L’intrigue est extrêmement simple, mais la narration brise beaucoup de choses, de temporalités. Même la gestion de l’espace au sein du cadre est là pour perturber le spectateur, avec des personnages se parlant tout naturellement, sauf qu’en réalité, ils sont à vingt mètres l’un de l’autre. Tout ça, c’est quand le montage n’expérimente pas non plus par-dessus ces divers éléments. Et notons également la présence tout au long du parcours de notre tueur de l’eau, élément qui semble très important.
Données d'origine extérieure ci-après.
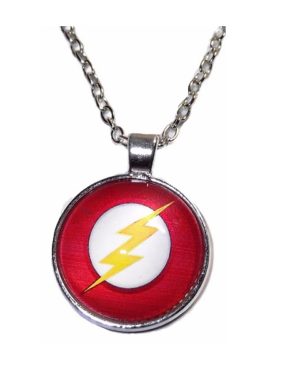 collier cabochon logo - The Flash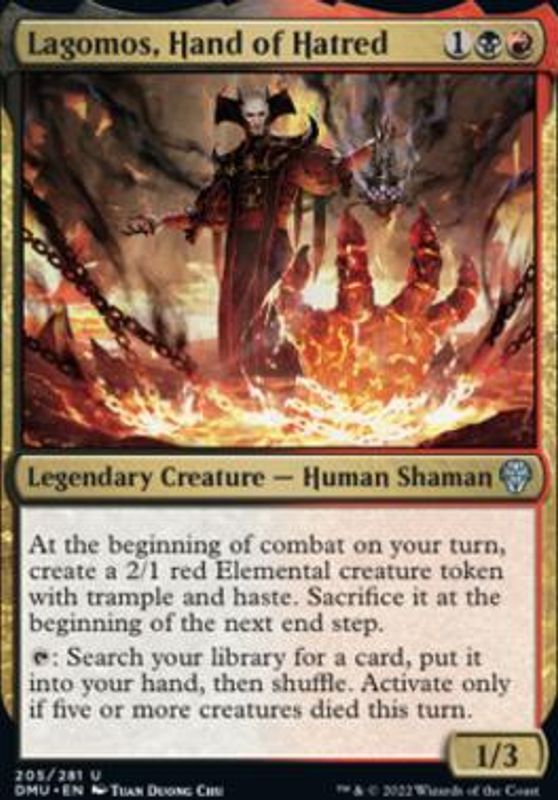 Lagomos, Hand of Hatred (foil)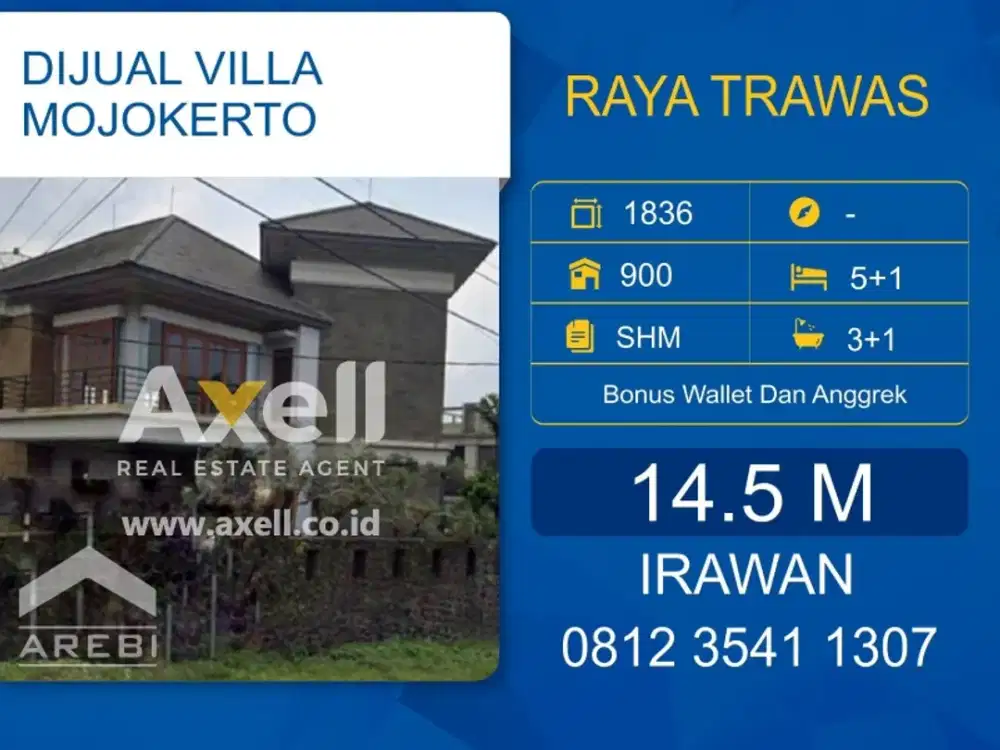 Villa Raya Trawas Dijual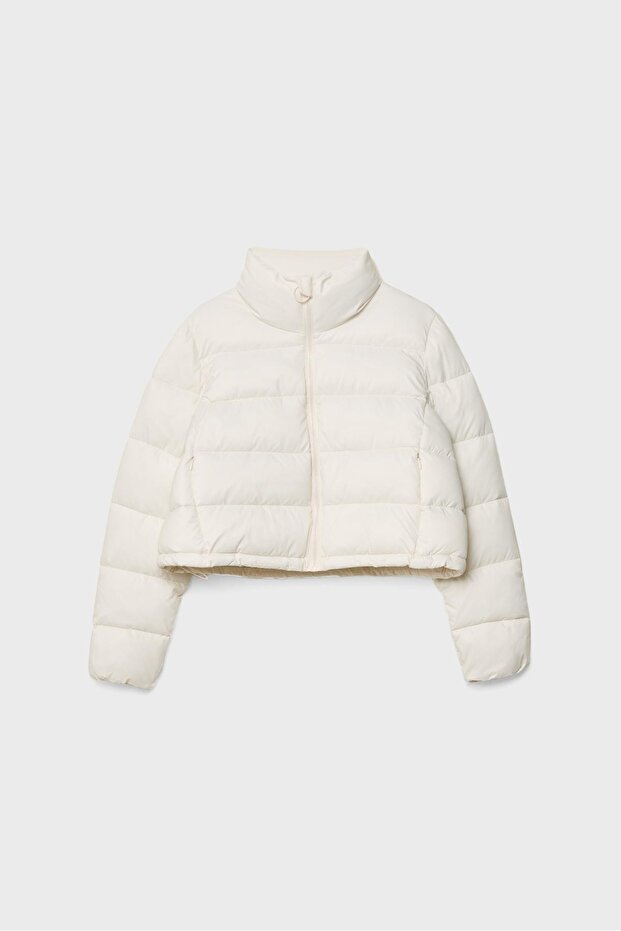 Dik Yakalı Şişme Mont - 6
Il pleut souvent, l’eau passe devant la caméra, les scènes sont parfois sous la douche, voir parfois l’eau vient jouer un rôle dans les meurtres. Un travail visuel donc énorme et réfléchi pour un film en soit plutôt simple narrativement. Et à l’opposé du Samouraï justement, pour revenir sur l’autre film du genre de 1967, puisque là où Alain Delon ne montrait aucune émotion, ne parlait quasiment pas, chez Suzuki, notre tueur montre plus facilement ses failles, a un faible pour une femme même s’il le répète, un tueur doit rester solitaire. Mais il apparaît plus humain. Et les femmes justement, parlons-en, car nous sommes en 1967, et La Marque du Tueur affiche une nudité, souvent frontale, très marquée. Mais qui ne semble jamais gratuite ou vulgaire, tout l’opposé en réalité. Bien loin donc de ce que la Nikkatsu sera capable de faire durant les années 70 et au début des années 80. Et il y aurait encore tellement de choses à dire sur le métrage, et même parfois, tout et son opposé, tant le métrage affiche clairement son côté abstrait, onirique, hors du commun, en avance sur son temps même sans doute, et qu’il est même logique donc de voir un tel film diviser. Je crois que de mon côté, vous savez où je me situe.

Les plus

Visuellement fabuleux
Un film qui ose énormément de choses
Envoûtant par certains aspects
Les acteurs et actrices

Les moins

Assez radical dans son approche, et voué à diviser

En bref : La Marque du Tueur tente énormément de choses visuellement et narrativement pour nous plonger parfois dans un état de confusion, pour nous rapprocher de son personnage de tueur qui dérape petit à petit. Suzuki livre une œuvre plastique irréprochable mais au propos qui ne plaira pas à tout le monde.

A FEW WORDS IN ENGLISH
THE GOOD THE BAD
♥ Visually stunning, all the time, every shot
♥ The film tries so many things
♥ You can’t look away from the screen
♥ The actors and actresses
⊗ It’s not for everyone as the film tries to be more than a simple thriller
Branded to Kill tries a lot of things, both visually and with its story, to confuse the audience, to make us feel a bit like its main character. Suzuki delivers a visually perfect film, but its content is not for everyone.

2 réflexions sur « LA MARQUE DU TUEUR (殺しの烙印) de Suzuki Seijun (1967) »

  1. Un film majeur de la Nouvelle Vague japonaise, je souscris à l’avis d’Oli.
    Une œuvre pas facile à appréhender tout de même. Suzuki est un peu le Godard japonais.